Opinion: Dangerous jobs

POSTED: 02/22/12 1:17 PM

St. Maarten is still the Friendly Island in spite of the seemingly high murder rate of 31.5 per 100,000 inhabitants in 2011. However, for journalists the country is a safe place to work: nobody got murdered in this profession last year, or in the many years before that.
Worldwide the picture is rather somber. Since 1995, according to figures from Reporters Without Borders, 858 journalists were killed worldwide. In this respect, 2007 was the top year with 86 journalists killed. Last year 66 journalists lost their lives on the job.
The registration of these killings is apparently not a simple matter, because another organization, the Center for the Protection of Journalists (CPJ), counted “at least 46” killed journalists last year.
The most dangerous countries to work in are according to the CPJ Pakistan, Iraq and Libya. Of the victims, 40 percent were cameramen.
Reporters Without Borders published this chilling list on its website about 2011:

66 journalists killed (16% more than in 2010)
1,044 journalists arrested
1,959 journalists physically attacked or threatened
499 media censored
71 journalists kidnapped
73 journalists fled their country
5 netizens* killed
199 bloggers and netizens arrested
62 bloggers and netizens physically attacked
68 countries subject to Internet censorship

• A netizen is an internet journalist. The word is a merger of internet and citizen.
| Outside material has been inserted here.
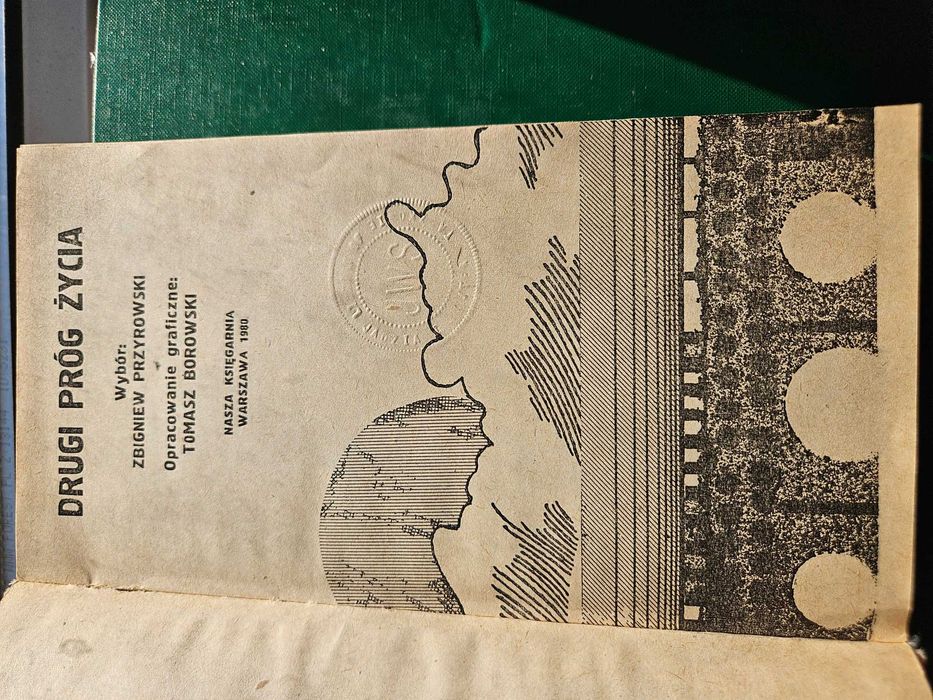 Drugi próg życia zbiór opowiadań.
The CPJ reported that last year seventeen journalists died while reporting about dangerous events. Most of these events were confrontations between protesters and government forces in the Arab world.
The counter for this year at the site of Reporters Without Borders stands at 5 journalist killed, 153 journalists imprisoned, 9 media assistants imprisoned and 120 netizens imprisoned.
The organization also released the press freedom rankings of 179 countries. Finland, Norway and Estonia are the countries with the highest level of press freedom. The Netherlands ranks fourth. There is no ranking for the former Netherlands Antilles or for countries St. Maarten and Curacao.
At number 17, Jamaica is the highest ranking regional country. Trinidad and Tobago (51), Haiti (52), Guyana (shared 59) are further down the list. The lowest ranking Caribbean nation is the Dominican Republic at 95.